The best thing you can do is to train your body from where it is right now and not where you want it to be in a few weeks or months from now. Training consistently on a sustainable manner allows fitness to come naturally and prevents injuries or burnout.
Patience is especially critical for ultra-runners seeking to do it over the long term. It takes years to build the fitness and skills necessary to complete an ultra-marathon strongly. Most people overestimate how much they can improve in the short term but underestimate how much they can improve in the long term. But success for such an endeavour will require patience to maintain a consistent, healthy and sustainable training routine.
4 – Have some Fun
Running and training can be boring if you were to do the same day after day. We have discussed earlier that training for an ultra takes time, patience and most importantly, consistency. If you are not also enjoying yourself in this journey, you will likely drop out of your training very quickly.

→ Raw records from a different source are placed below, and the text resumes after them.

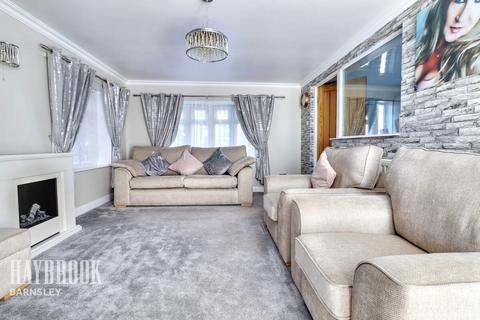 undefined, Pontefract Road, Lundwood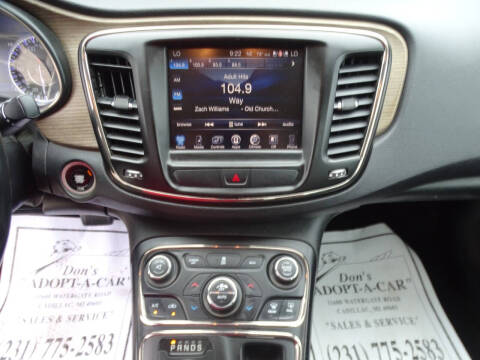 2016 Chrysler 200 C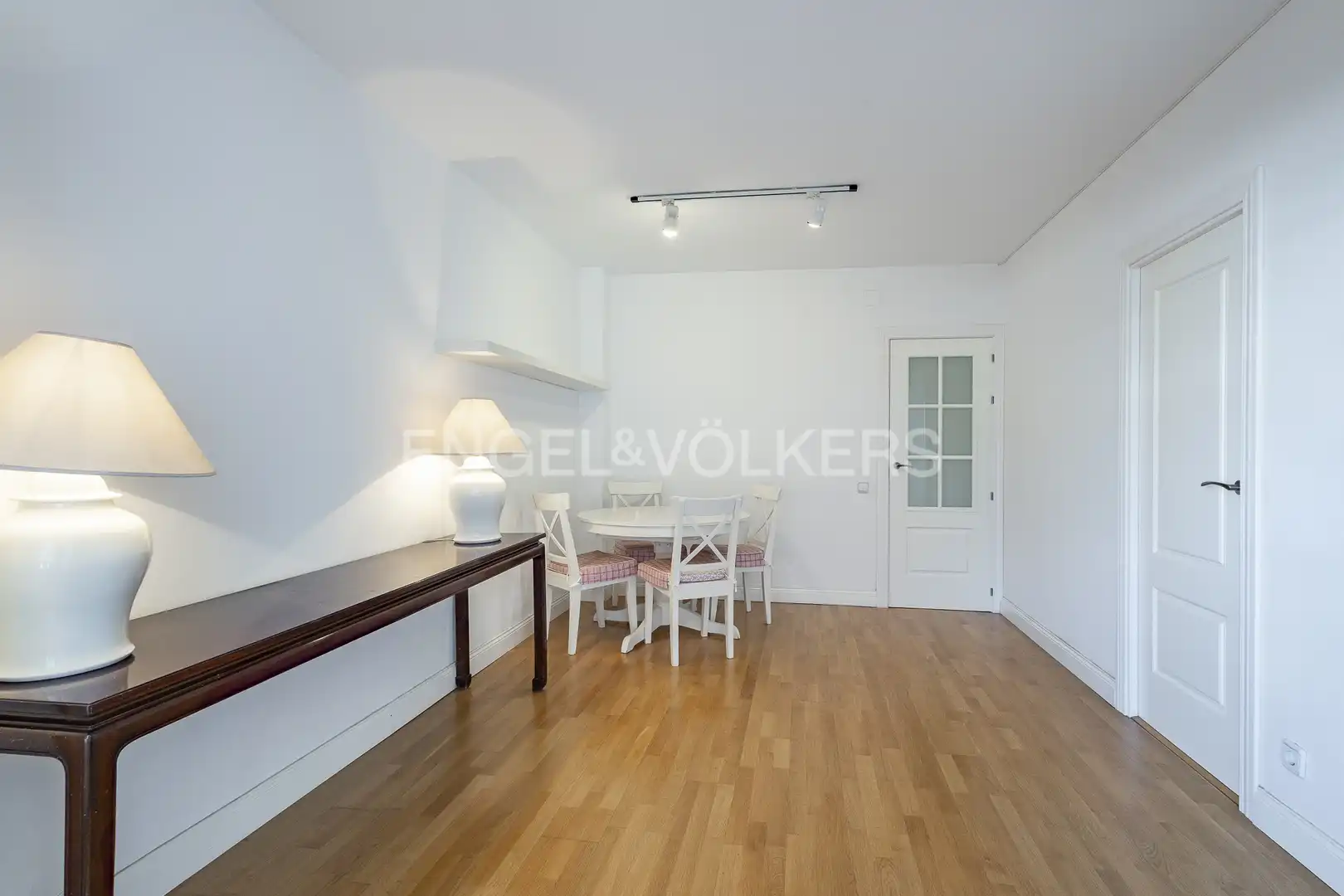 Comedor de Piso en venta en Sant Just Desvern con Calefacción, Jardín privado y Parquet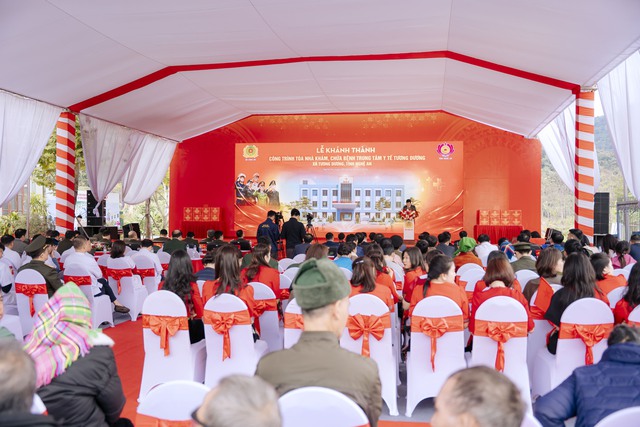 Trung tâm Y tế Tương Dương khánh thành tòa nhà khám chữa bệnh mới, nhận ngay gói tài trợ 'khủng' của Sun Group- Ảnh 3.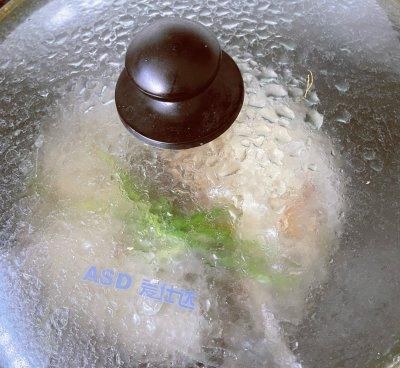 白色情人节限定美味 鲫鱼豆腐汤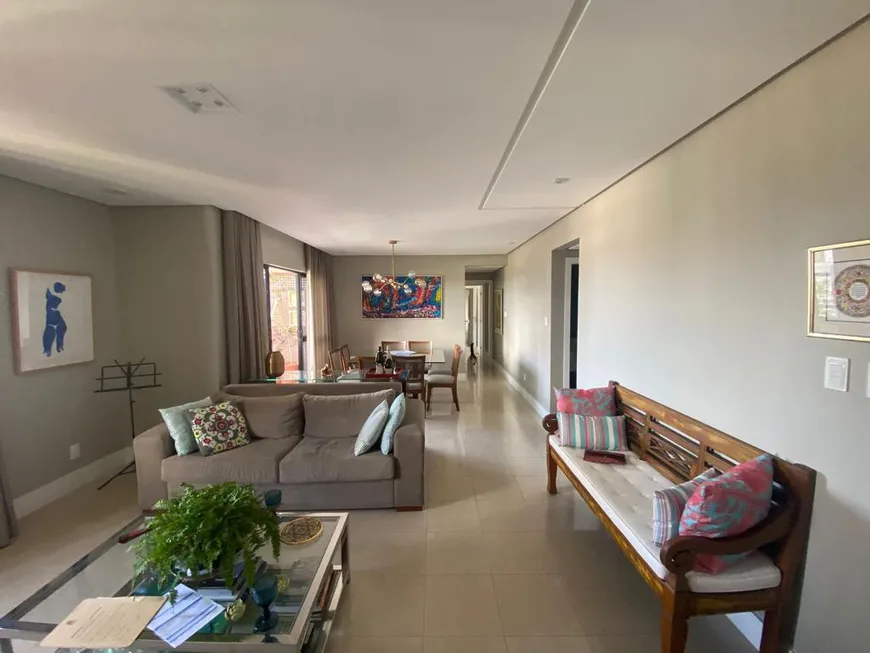 Foto 1 de Apartamento com 4 Quartos à venda, 143m² em Pituba, Salvador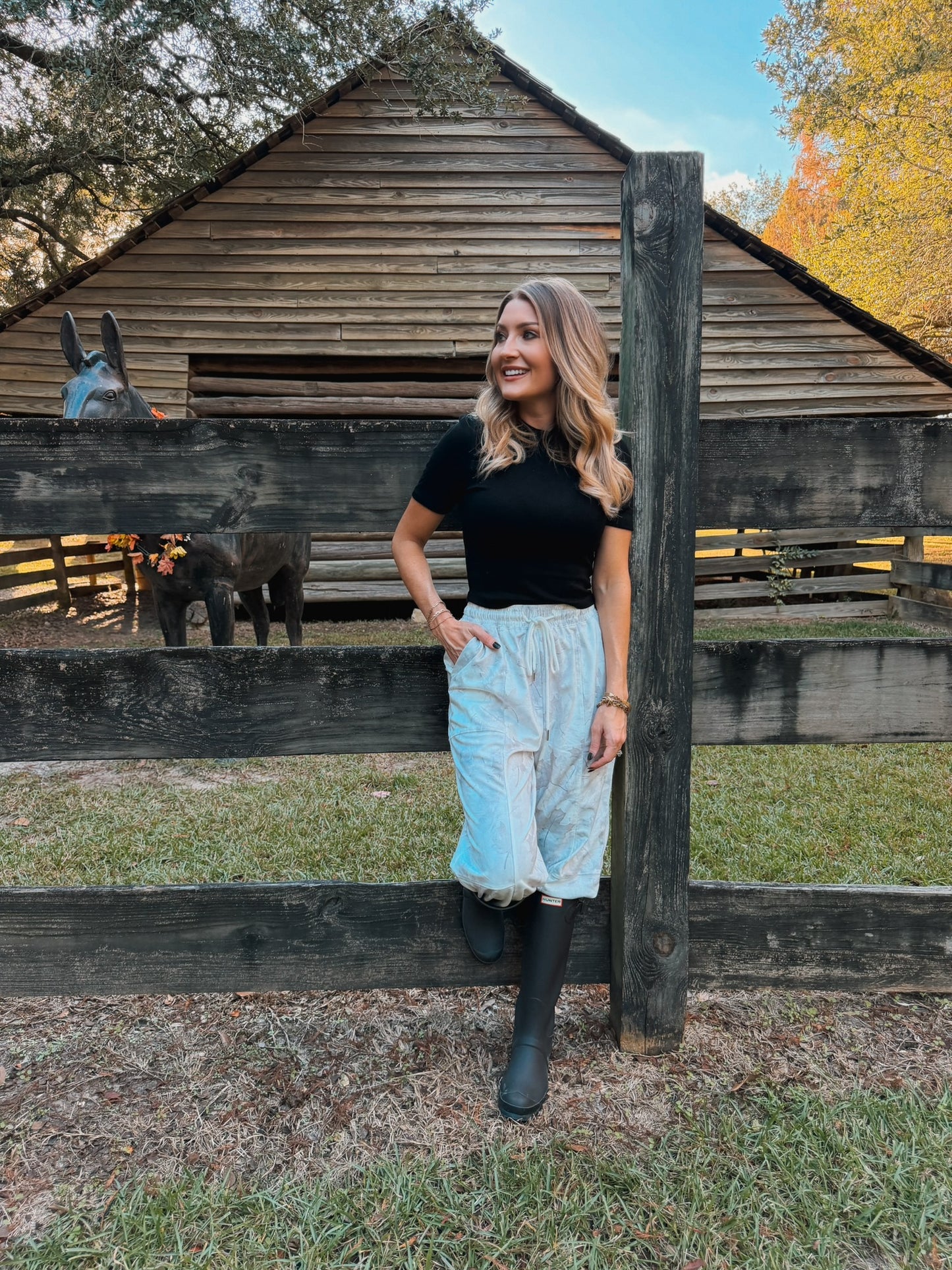 Camo Print Baggy Drawstring Jogger Sweatpants - Light White/Grey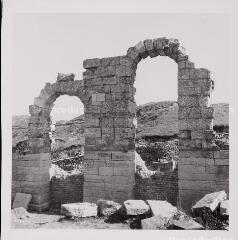 Grand. – Vues des vestiges de l'amphithéâtre gallo-romain.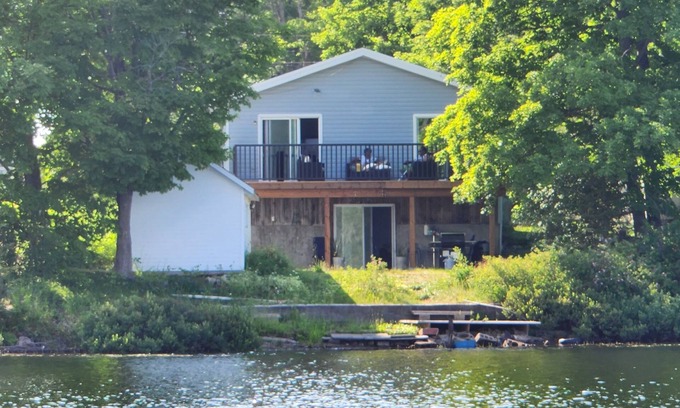 Algoma District Cottage | Water front Getaway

If you are not having fun logging in all the miles and benefiting from them, what then is the point of running an ultra? Don’t expect to be excited about every training session, but if you get to a point where you are dreading them, then it may be time to re-evaluate how you are training.
One way to make your journey more interesting is by surrounding yourself with people who will support, encourage and even challenge you in your ultra pursuit. Social exchanges and acceptance among friends with similar aspirations can be a big motivation to keep you going.
Personally I derive a lot of fun and satisfaction from exploring new territories. I like running in new places and visit local landmarks whenever I have the opportunity to travel to another town or city. And if I have the chance and time, I will hit the local trails.
There are so much to see, feel and experience off the beaten track and into the forest. I just love spending time in nature and opening my senses to what the natural surrounding has to offer. These experiences have brought a lot of peace to my well being.
Nevertheless, I am not saying that it isn’t worth doing if you are not having fun. Just deciding to have fun is actually already winning half the battle for something as tough as training and running a trail ultra. Therefore do consciously decide and remake the decision to have fun. And if occasionally things are not going your way, it does not mean that you are failing. It just means that you are building character by persevering and not giving up.
Ultra-running is not about going fast. It is more about being efficient and finishing strong. There is no single or best way to train for an ultra. Each person can succeed through a bunch of different approaches.
So don’t overthink. Find your own approach. On the starting line, be steadfast in your commitment to finish. Most importantly, enjoy the journey.